A prescribed fire believed "out" for nearly a month sputtered back to life in this week's August-like weather, and was burning on about 50 acres near the confluence of the Flathead and Clark Fork rivers Thursday.
Rob Seli, acting fire management officer for the Lolo National Forest, said two crews - the Lolo Hot Shots and firefighters from the Plains Ranger District - worked with a water-dropping helicopter throughout the day, keeping the fire inside the national forest boundary.
Another crew and a second helicopter will join the firefighting effort on Friday, "and we think we'll get a good handle on it," Seli said. "If we can keep it corralled for a little while, we should get help from the weather this weekend."
Seli said the original, intentional fire burned about 1,300 acres in the Wilson and Robertson creek drainages between Perma and Paradise.

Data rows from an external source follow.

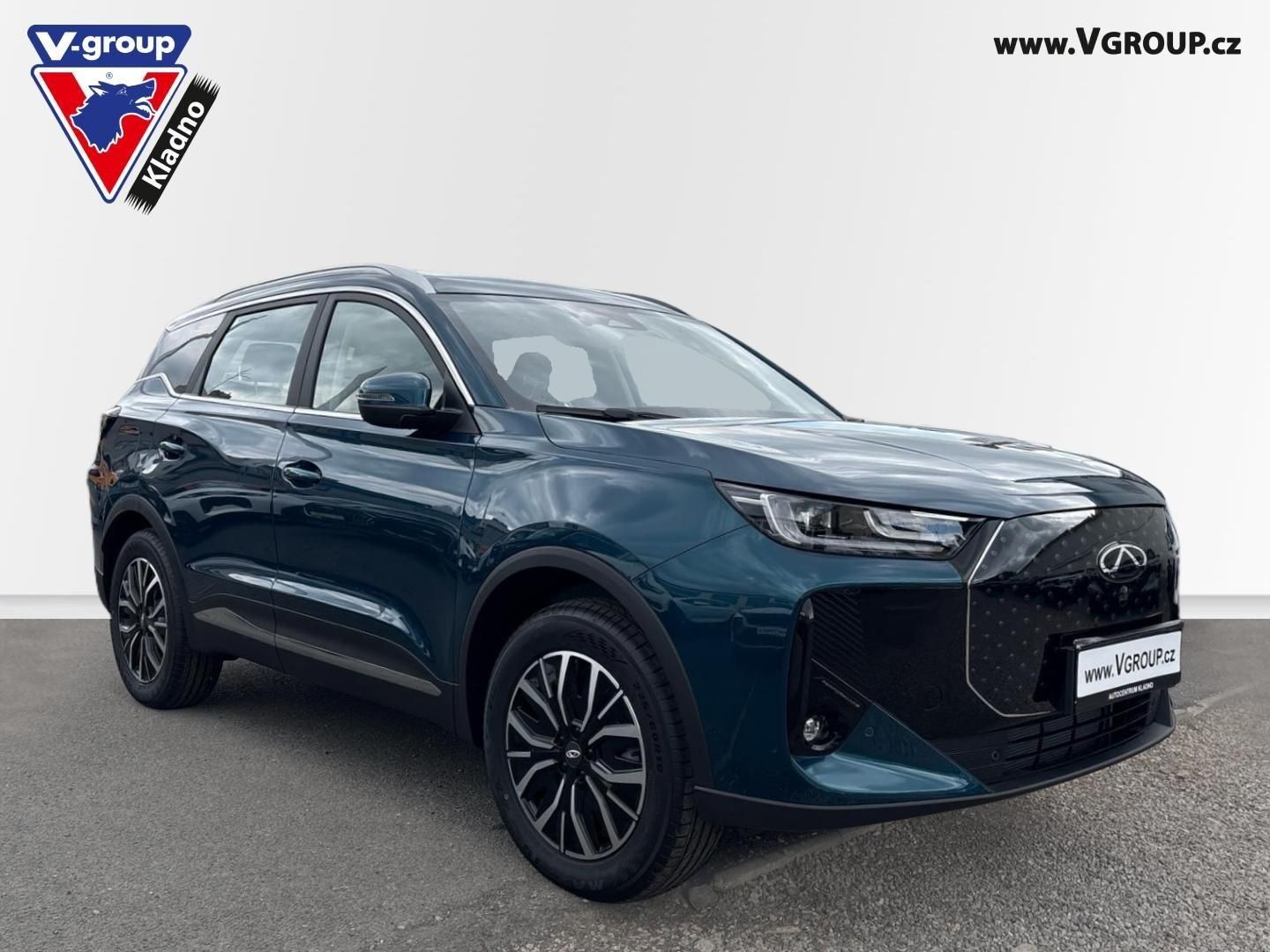 Chery Tiggo 7 PHEV, Family Edition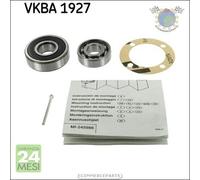 Mozzo cuscinetto ruota SKF Posteriore per DAIHATSU CHARADE SIRION CUORE MOVE YR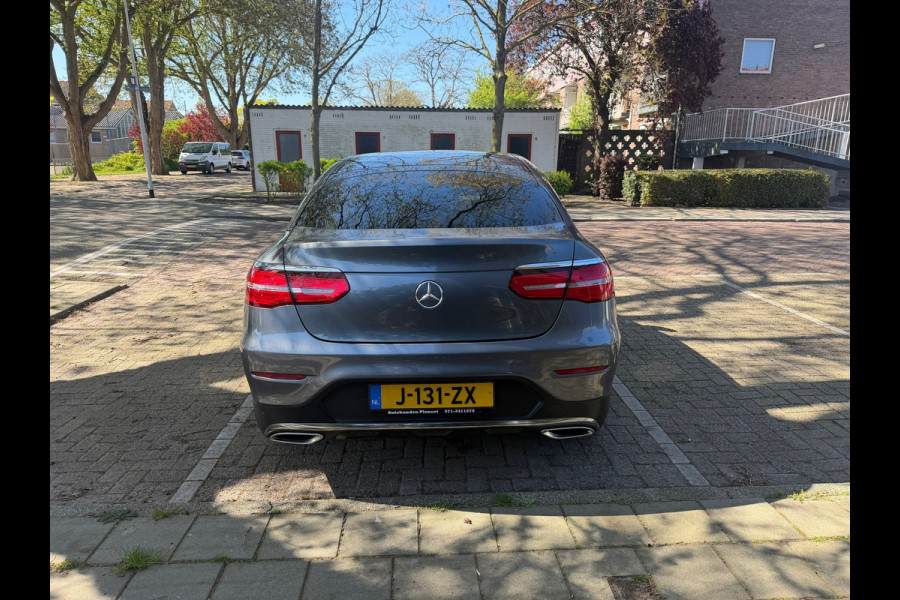 Mercedes-Benz GLC Coupé 250 4MATIC Business Solution AMG AUTOMAAT-LEER-CAMERA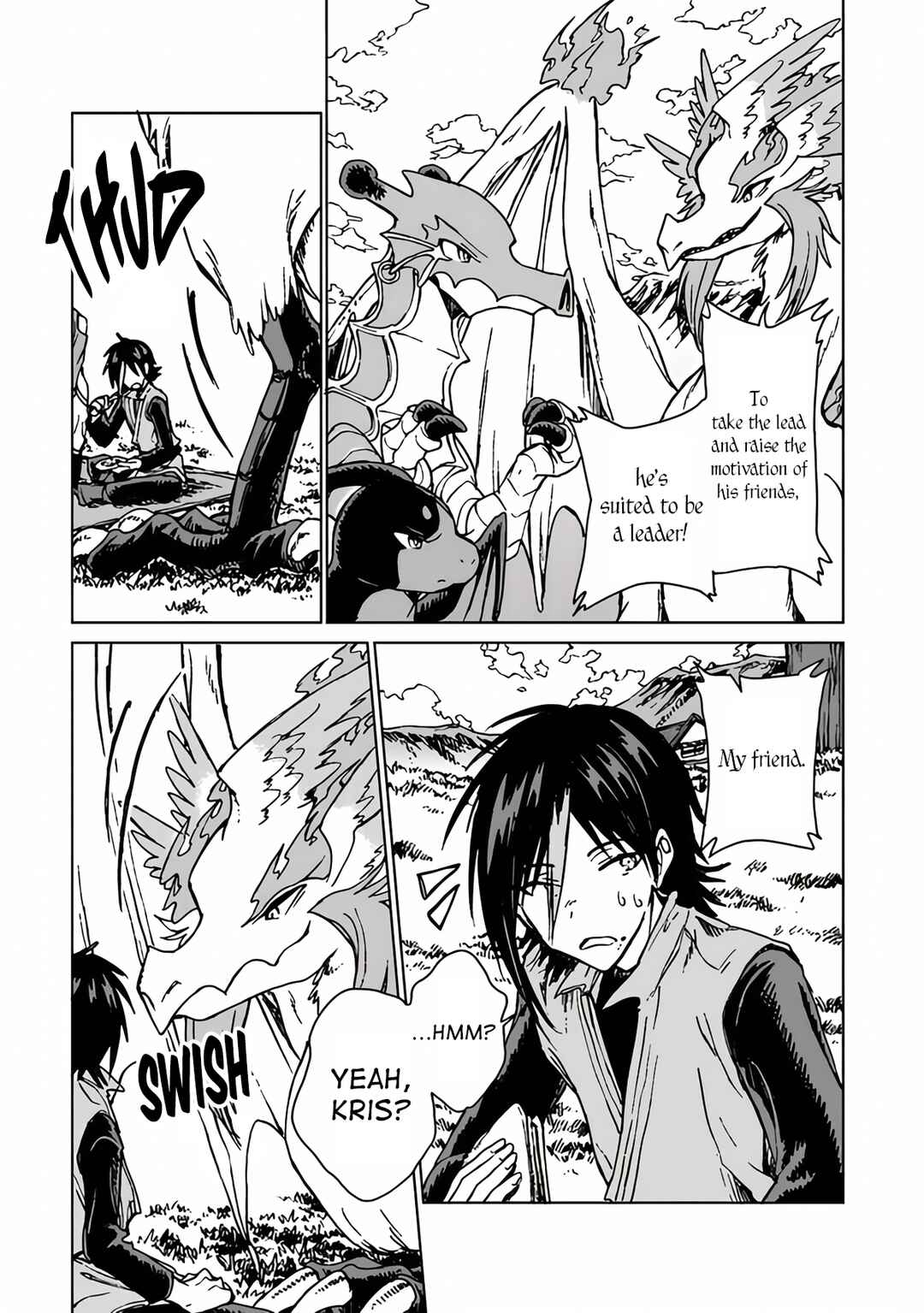 Page 30 Chapter 19 S-kyuu Guild wo Tsuihousareta kedo, Jitsu wa Ore dake Dragon no Kotoba ga Wakaru no de, Kidzuita Toki ni wa Ryuu Kishi no Chouten wo Kiwametemashita.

Knowing the dryness of the area, crews had monitored the burn since its ignition April 25. They saw the first new smoke on Wednesday, high on a slope above Highway 200 - outside the boundary of the original burn.
The lesson, Seli said, is one of vigilance given western Montana's unusually dry spring.
"Anyone who has done any burning of debris this spring should really check their area and feel the ashes with their hands," he said. "You have to be real careful of any burned-out stumps that can hold fire for a long time. This one sat around for a month, then just kind of came to life."
"Our fire danger is probably as high as it ever gets this time of year," he said. "We saw a real dry spring like this in 1995, and had a prescribed fire escape near Thompson Falls the first week of June."